Recording their research in the journal of the Proceedings of the National Academy of Sciences, the French team is calling this virus strain, Mollivirus sibericum, the fourth of its kind discovered since 2003, but the second found by this team.

According to lead researcher Jean-Michele Claverie, the process of waking the virus will be closely monitored, and first tested to make sure it cannot infect animals or human beings. “A few viral particles that are still infections may be enough, in the presence of a vulnerable host, to revive potentially pathogenic viruses,” Claverie said.

The team is also fascinated to find that Mollivirus sibericum, nicknamed the “soft virus from Siberia,” qualifies as a “giant” virus. To be a “giant” virus, a specimen must be longer than half a micron, or a thousandth of a milliliter, and the newly discovered virus comes in at 0.6 microns.

Having found the prehistoric virus in the permafrost of Northeastern Russia, the researchers are worried the threat to these regions could mean the reappearance of some of history’s most threatening pathogens. According to Aljazeera America, the climate shift is causing Arctic and sub-Arctic regions to melt at twice the normal global average, meaning that any virus strains trapped within the permafrost may just show up again as icecaps reduce in size.

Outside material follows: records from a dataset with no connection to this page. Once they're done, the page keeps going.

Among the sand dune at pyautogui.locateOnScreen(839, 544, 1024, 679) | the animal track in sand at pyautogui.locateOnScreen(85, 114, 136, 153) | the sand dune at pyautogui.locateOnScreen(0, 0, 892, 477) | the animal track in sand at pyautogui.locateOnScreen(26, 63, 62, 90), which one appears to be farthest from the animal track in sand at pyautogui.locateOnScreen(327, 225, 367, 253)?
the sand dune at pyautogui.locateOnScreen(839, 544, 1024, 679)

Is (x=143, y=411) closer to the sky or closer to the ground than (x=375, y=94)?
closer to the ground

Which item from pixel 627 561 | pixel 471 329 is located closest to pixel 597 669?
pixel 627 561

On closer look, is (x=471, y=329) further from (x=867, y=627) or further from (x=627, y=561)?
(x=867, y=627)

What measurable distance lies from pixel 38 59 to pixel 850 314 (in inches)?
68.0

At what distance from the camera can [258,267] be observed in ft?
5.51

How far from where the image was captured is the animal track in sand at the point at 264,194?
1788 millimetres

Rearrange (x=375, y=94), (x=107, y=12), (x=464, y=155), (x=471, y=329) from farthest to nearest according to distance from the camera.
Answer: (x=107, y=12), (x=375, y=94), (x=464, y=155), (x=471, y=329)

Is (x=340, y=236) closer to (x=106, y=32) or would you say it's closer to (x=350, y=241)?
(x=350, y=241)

What’s more, industrial ventures also threaten to unveil some of the past’s viruses. The areas where researchers have been finding these giant microbes also happen to be regions where mineral resources, like oil will become increasingly more accessible as the ice melts.

“If we are not careful, and we industrialize these areas without putting safeguards in place, we run the risk of one day waking up viruses such as small pox that we thought were eradicated,” Claverie said.

For their new specimen, Claverie and his colleagues plan to implant the virus into a single-cell amoeba, which will act as a host. The reanimation process will occur within the controlled, safe conditions of a laboratory.

In 2013, Claverie’s team was also successful in reviving another giant virus. The microbe, which they identified as Pithovirus sibericum, was managed in Claverie’s lab at France’s National Centre for Scientific Research (CNRS), and found in the same location as their most recent specimen.

The researchers have also been intrigued to find that these giants are not only larger than common viruses today, but also significantly more genetically complex. For example, Mollivirus sibericum was found to have more than 500 genes, while the Pandoravirus, found in 2003, has 2,500. To put this into perspective, the Influenza A virus, better known as the Spanish flu, has only eight.

And though the most recent viruses discovered in Siberia’s permafrost date back to the Ice Age, research conducted in 2004 have also found more contemporary viruses in frozen environments. Successfully extracting the Spanish flu from the lung tissue of a woman buried in permafrost, U.S. researchers were able to reconstruct the virus’ eight genes. Though relatively unknown today, the Spanish flu caused an epidemic between 1918 and 1919 killing tens of millions of those who contracted it.

With the growing threat of superbugs, it is safe to say that the last thing the world needs is a virulent stream of “giant” viruses. But as to whether or not climate change will free these beasts from pre-human times, we will just have to wait and see.

Study: Legendre M, Claverie JM, Bruley C, et al. In-depth study of Mollivirus sibericum, a new 30,000-y-old giant virus infecting Acanthamoeba. PNAS. 2015.